P Chidambaram, in an interview, few years back, suggested a compact that grants Kashmir autonomy that harks back to the pre 1953 status, in line with the Dilip Padgaonkar committee recommendations of Oct 2011; it is unlikely that the Congress could ever support such a position fearful of losing whatever is left of its already diminished presence in the Lok Sabha.  Any party, with an agenda on reinstatement of Article 370, would be committing political hara-kiri as public sentiment across the country is against the same. Perhaps that is what Sajjad Lone meant when he said that the “two extremes of liberalism & illiberalism in Indian politics, are unfortunately coinciding”.

Conclusion:

The Modi -J&K leaders meet is in response to the Geopolitical changes of US force withdrawal from Afghanistan & the likely Taliban ascent to power & the likelihood of the Pakistan-Taliban combine to disturb the fragile peace in the Kashmir valley. The BJP govt., perhaps, took this initiative as its reach out to the Taliban did not yield the expected dividends, with Pak playing spoilsport. The less than good performance of the Apni Party, in the recently concluded District Development Council elections & IAS topper Shah Faesal relinquishing organizational responsibility, in 2020, of the newly formed J&K People Movement – meant to inject fresh blood into the vale’s politics – could have forced a rapprochement with the “Gupkar Gang”
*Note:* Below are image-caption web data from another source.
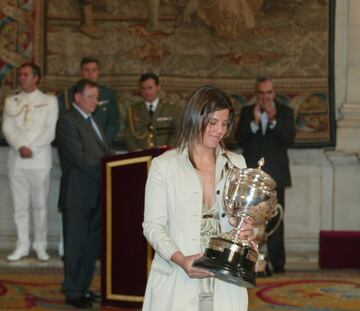 La catalana recibe en 2007 el galardón en una ceremonia en la que también fueron premiados Rafa Nadal (Premio Felipe de Borbón), Álvaro Bautista (Premio SAR doña Cristina al mejor deportista revelación) y la Selección Nacional de Baloncesto (Copa Barón Guell). "Es todo un honor y me siento muy orgullosa de haber merecido el premio más importante que puede recibir una deportista en España. Es el mejor reconocimiento el trabajo efectuado y al mismo tiempo, un magnífico incentivo para luchar por lograr más éxitos este año", dijo Laia.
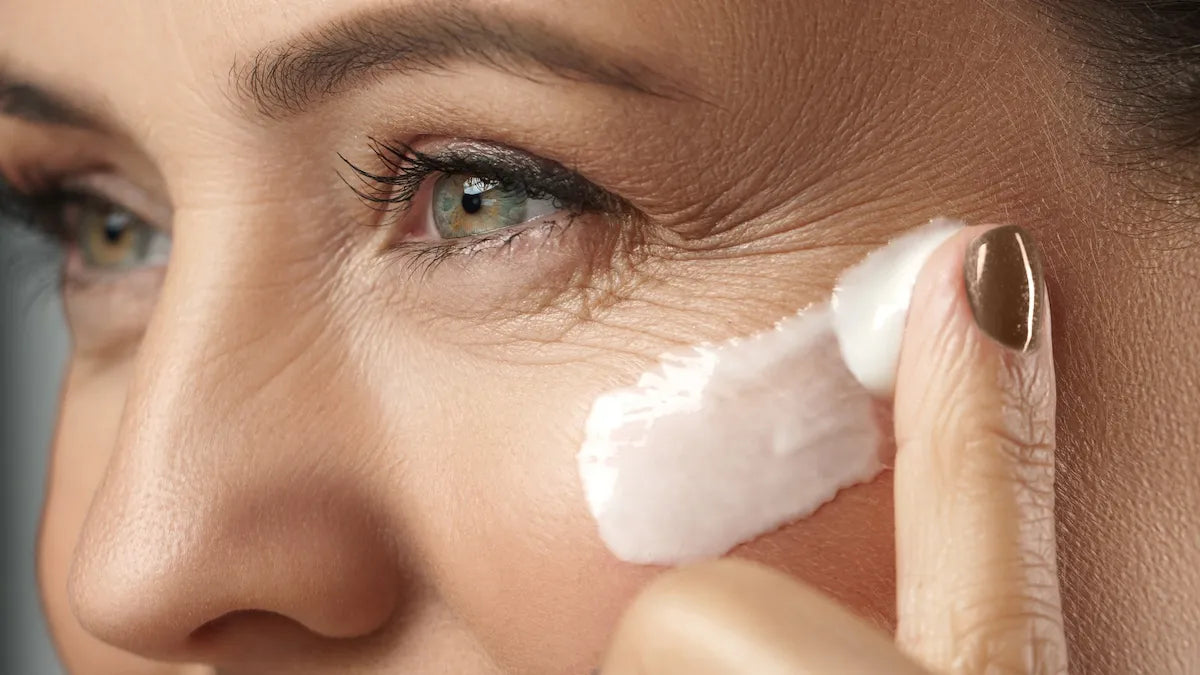 Top 5 Anti-Aging Creams in India for Women Above 40: Age-Defying Elixirs Top 5 Anti-Aging Creams in India for Women Above 40: Age-Defying Elixirs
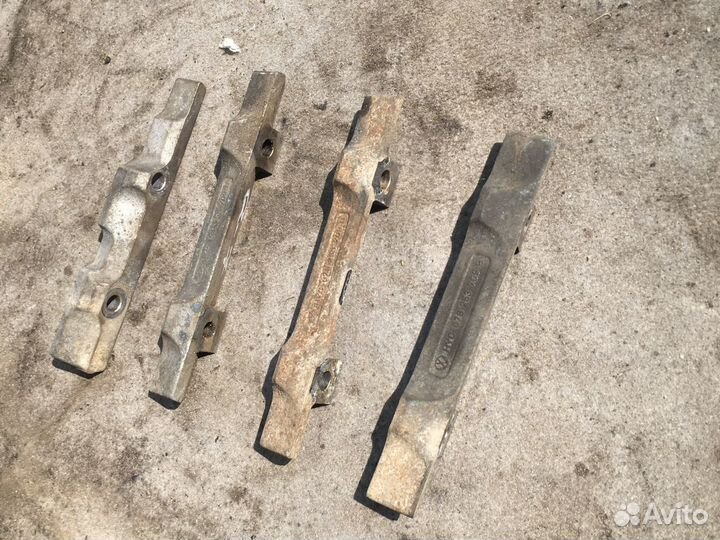 Кронштейн выпускного коллектора Ауди Q7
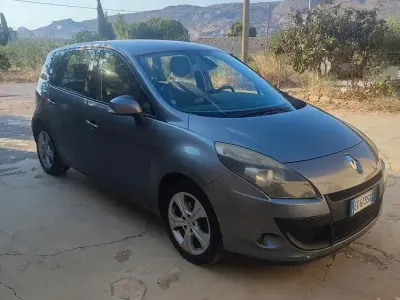 Usata Renault Scénic 110 CV (80 kW) 2011 Grigio Monovolume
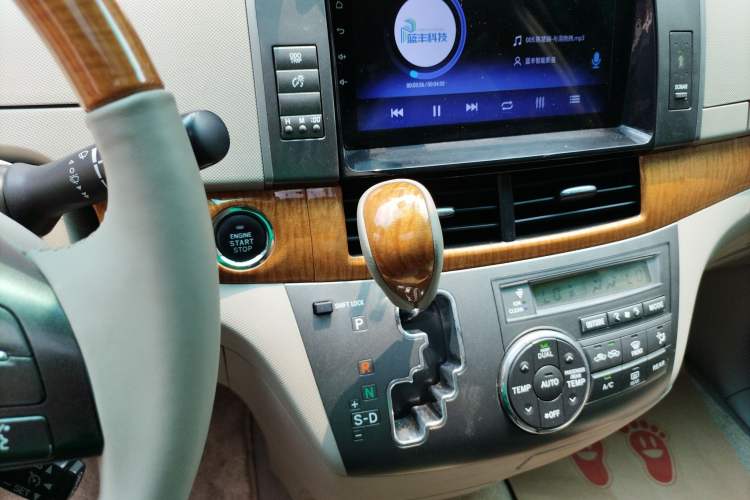 Used Toyota Previa 2012 2.4L 7-Seater Luxury Edition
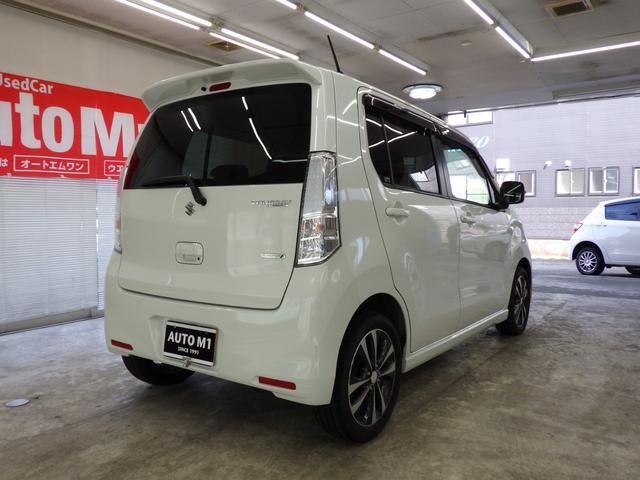 T 4WD ターボ 純正CDデッキ ステリモ 運転席シートヒーター ミラーヒーター パドルシフト ビルトインETC 社外ドラレコ HID ハロゲンフォグ アイドリングストップ インテリキー ESP 禁煙車(5枚目)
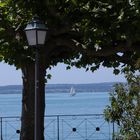 Durchblick zum Bodensee in Meersburg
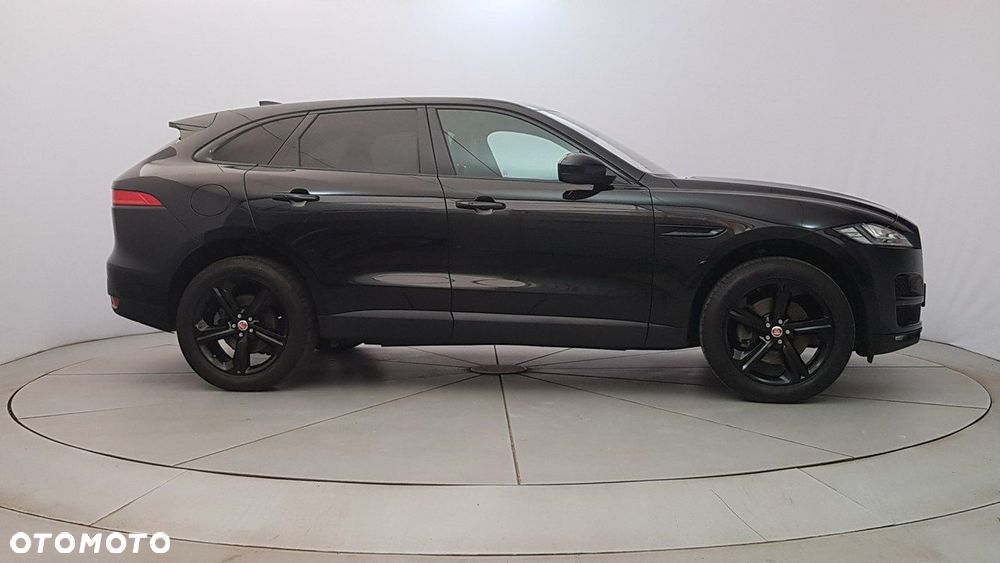 Jaguar F-Pace - 8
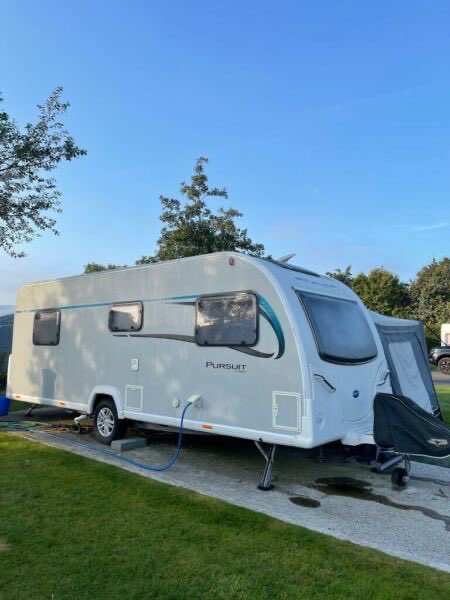 Bailey pursuit 560-5 caravan  gumtree.com/p/cars-vans-mo…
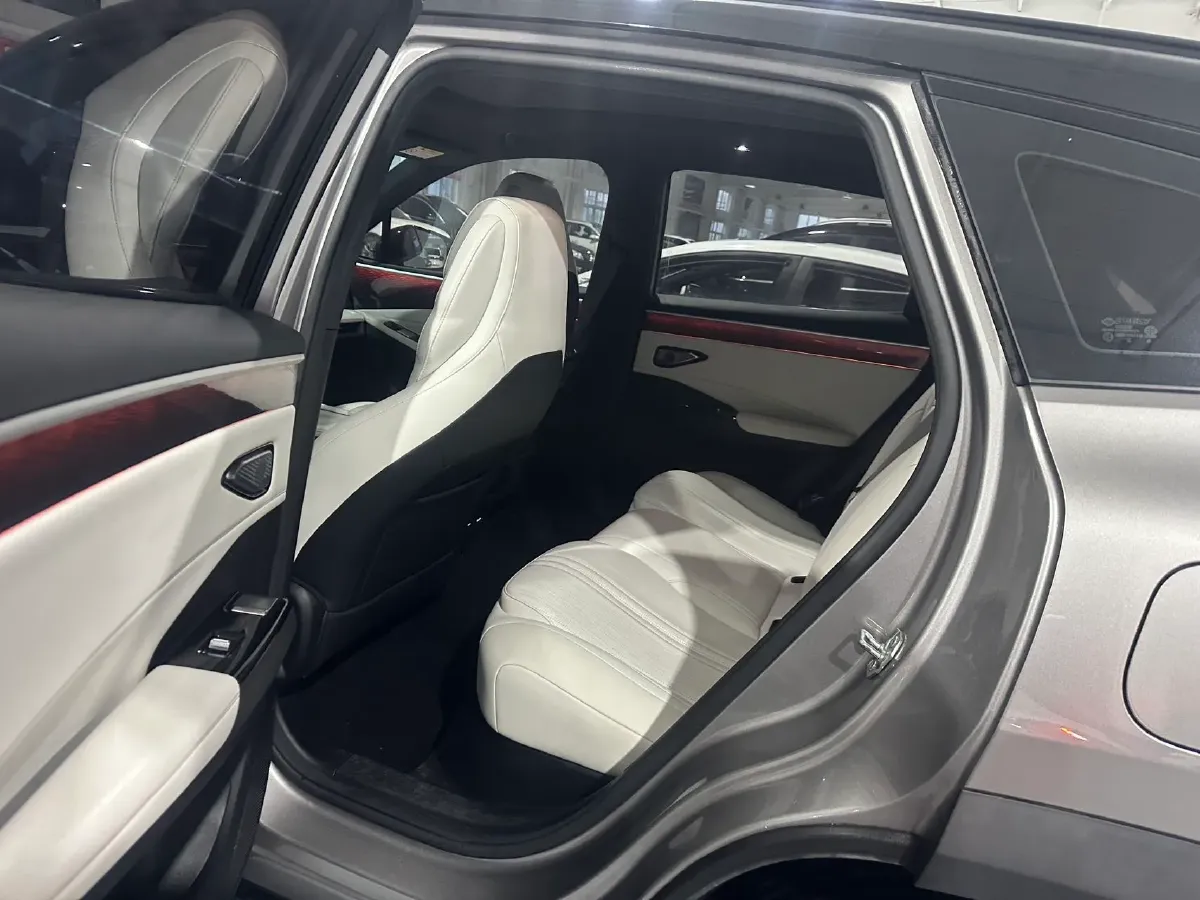 2023 Geely Galaxy L7 1.5T 163HP L4 3DHT PHEV 18.7KWH,autocango,china used car exporter,china ev exporter,chinese used car exporter,chinese used ev exporter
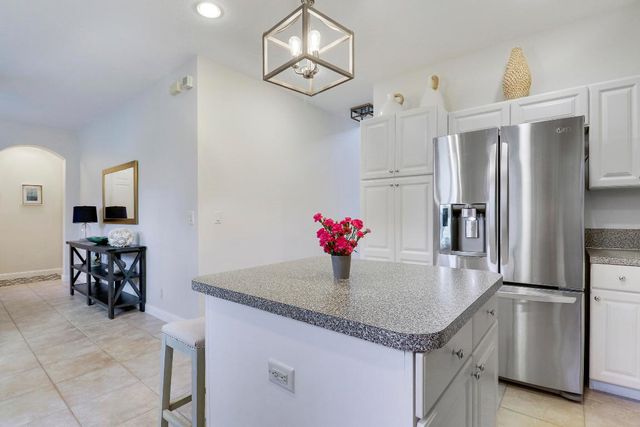 552 Tomahawk Court, Palm Beach Gardens, FL 33410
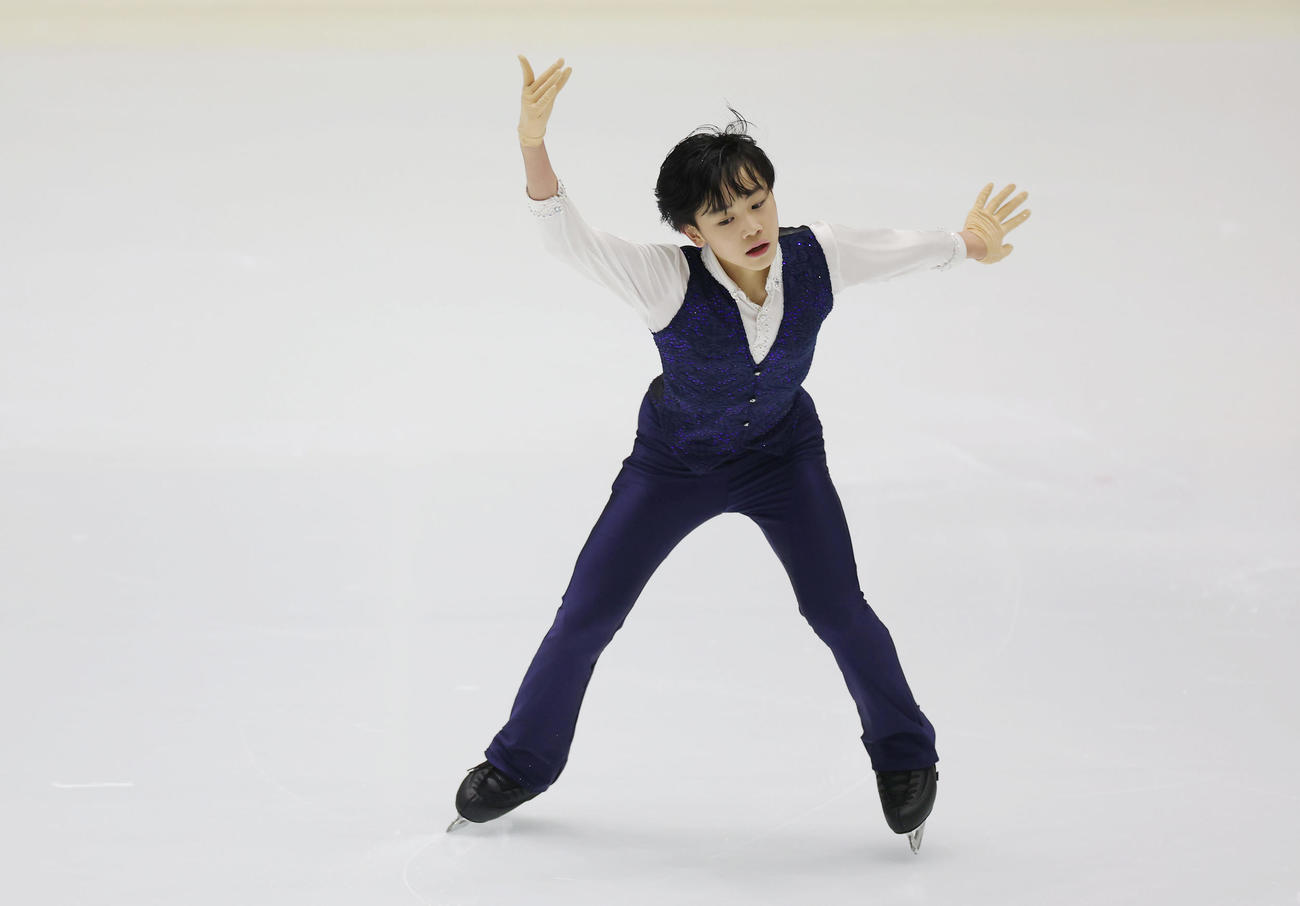 男子ジュニアSPで演技する高橋（撮影・前田充）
While Joe Biden, of the Democratic Party, in power in the US,  has nudged the Indian govt. on initiating democratic process, in J&K, it is unlikely that they would do more to antagonize its Quad ally India, firm as they are in setting their sights on China, challenging a unipolar world order.

Against this background it is prudent to interpret the current move by the govt., as nothing more than mere optics to manage international pressure, couched under catchy slogans of reducing “Dilli ki doori” & “Dil ki doori”. The Delimitation commission tenure has been extended by a year which means that elections are at least a year away; meanwhile the govt. can accelerate development programs in the valley in a bid to gain more support among the populace.